Depending on just what you're doing with your dictionaries, you may be
able to consolidate them into fewer (or possibly even only one)
dictionary and simply rely on the associated function to differentiate
items. If the only difference between, say, your style_1 and style_2
dictionaries is the action that you want to take if a token is found,
then you can simply have a single style dictionary and use different
functions. (This can apply even if the action for one of the
dictionaries is 'do nothing special' -- just use None as the function.)
The fewer dictionaries you need to search through, the faster your
program will be. Of course, you may not be able to do this if you need
the segregation of dictionaries for other purposes, but even there, you
could set up all of your dictionaries to work this way and then simply
perform the same on each in turn:
for current_dict in [self.xml_sub, self.styles_1, self.styles_2, ...]:
token, action = current_dict.get(token, (token, None))
if action:
action()
This would replace your forest of elifs, and while it might not save
much time, it'll be a lot easier to read. (You could possibly extend
this to shortcircuit out of the loop if a match is found...)
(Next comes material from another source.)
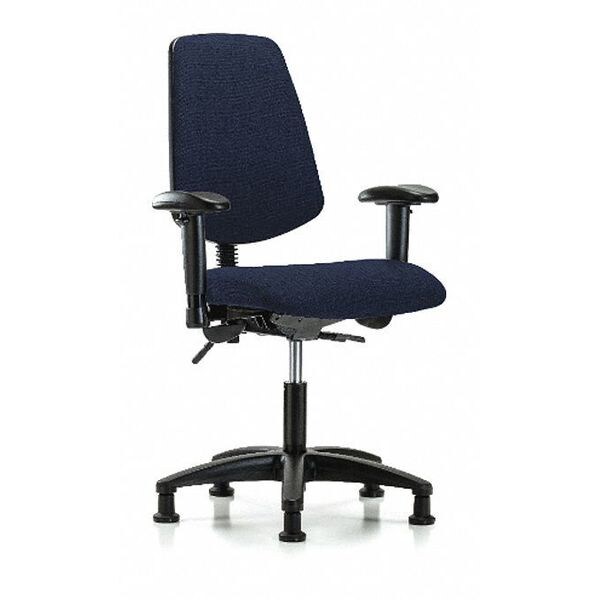 Blue Ridge Ergonomics Desk Chair Fab Desk Chair, Med, Bk, Tilt AA Glds, Navy, Adjustable Arms, 19" to 24" Height, Fabric - BR-FDHCH-MB-RG-T1-A1-RG-F45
>I am wondering if I should make the dictionaries a part of the class
>property rather than a property of the actual instance?
>
Yes, if the dictionaries are static (that is, you don't change them
during the program), then it would be sensible to make them a class
attribute rather than an instance attribute. This won't save you much
time or memory, unless you're creating a lot of instances of the class,
but it's a more appropriate place for it -- data that's the same for all
instances of a class should be part of the class, not the instance.
>The dictionary part of the scrpt seems so slow, that I am guessing I am
>doing something wroing, that Python has to read in the dictionary each
>time it starts the function.
>
Python is rebuilding the dictionaries each time that you call
initiate_dictionaries(), which may take some time, but if you're only
using a single instance of ProcessTokens then it's a one-time cost. I
suspect that the problem is simply that you're not making full use of
the strengths of dictionaries, though. If you write your Python in Perl
style (or C style, or Lisp style), then you're going to end up with slow
and ugly code because you're not going to be using the real strengths of
Python.
I'm also not entirely convinced that regular expressions are the best
choice for lexing (breaking the file up into tokens). They're almost a
default solution in Perl, but that doesn't mean they're the most
efficient method in Python. I'm not completely certain what the
requirements for that process are, though, so I can't speak any more
specifically other than to suggest considering other options.
Hope that this helps give you a few ideas...
Jeff Shannon
Technician/Programmer
Credit International